Musik

Fünf Jahre Musikvideos vom Berliner Department M.: Surfen an der Grenze

Vor fünf Jahren bezog das bei der Produktionsfirma DoRofür Clips zuständige Department M. seine Berliner Büros. Im Jubiläumsjahr sieht sich DoRo nach wie vor im Aufwind, reagiert aber auch auf die veränderte Marktsituation.
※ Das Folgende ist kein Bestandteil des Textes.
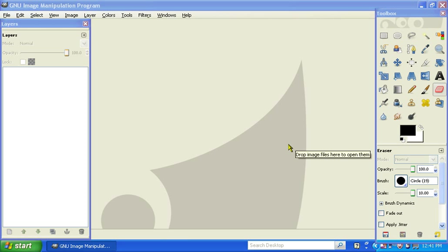Hey guys. Today I'm going to be showing you how to do clip art in GIMP. Basically, that's when you get the outline of one image and put another image inside of it.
“Eine leider zum Teil ungesunde Selbstausbeutung gehört immer dazu“, sagt Ingo Georgi, Head of Department M. und Department C. sowie Senior Creative Producer, im Gespräch mit musikwoche.de über die Clipbranche. Die Videoproduktionsfirmen haben unter den veränderten Marktdaten besonders zu leiden, da viele Plattenfirmen bei den Videobudgets massive Einsparungen vornehmen. „Die Clip-Budgets schlagen bei der Plattenvermarktung stark ins Gewicht“, räumt Georgi ein. „Und beim größten Posten will man natürlich sparen.“

Daraus ergibt sich für Georgi die Devise: „Musikvideos machen heißt, für das wenigste Geld das meiste herausholen. Das war schon immer so.“ Damit will Georgi wohl kommunizieren, dass sich an der Arbeitsweise des DoRo-Departments auch nach einigen personellen Änderungen nichts geändert habe. So verließ unter anderem der langjährige Departments-Leiter Stephan Pauly die Firma und Georgi rückte auf. „Wir sind immer noch so strukturiert wie eine klassische Filmproduktion. Und unsere Ausrichtung auf die deutschen Charts hat sich nicht verändert. Wir arbeiten hauptsächlich mit den Major-Firmen zusammen.“

Allerdings, so Georgi, habe Department M. auf den Markt reagiert und „aus Kostengründen“ gelegentlich mit wesentlich günstigeren Formaten gearbeitet. „Wir haben zum Beispiel die Clips des Rappers Azad für 3p auf Mini-DV gedreht. Diese digital gedrehten Clips sind jedoch in der Postproduktion sehr aufwändig und auch nicht für ein Taschengeld zu haben – jedoch günstiger als auf 16 Millimeter gedrehte Videos“, erklärt Georgi, der beklagt: „Leider haben die deutschen Firmen keine so hohen Videoetats wie ihre US-Kollegen, wollen aber dennoch, dass ihre Clips den amerikanischen gleichkommen. Und da fängt unsere Kunst an.“

Andererseits weist der Departments-Chef darauf hin, dass „auch ein großes Budget klein sein kann, wenn wir eine Idee umsetzen wollen, die eben mehr kostet. Wir surfen meistens an der Budgetgrenze – ob groß oder klein.“

Das Kreativ-Team von Department M.

Producer: Ingo Georgi (Senior Creative Producer), Ulrike Stockhausen (Junior Creative Producer), Alex Kiening (Producer), Iris Zinke (Assistant Producer), Massuda Kassem (Lineproducer)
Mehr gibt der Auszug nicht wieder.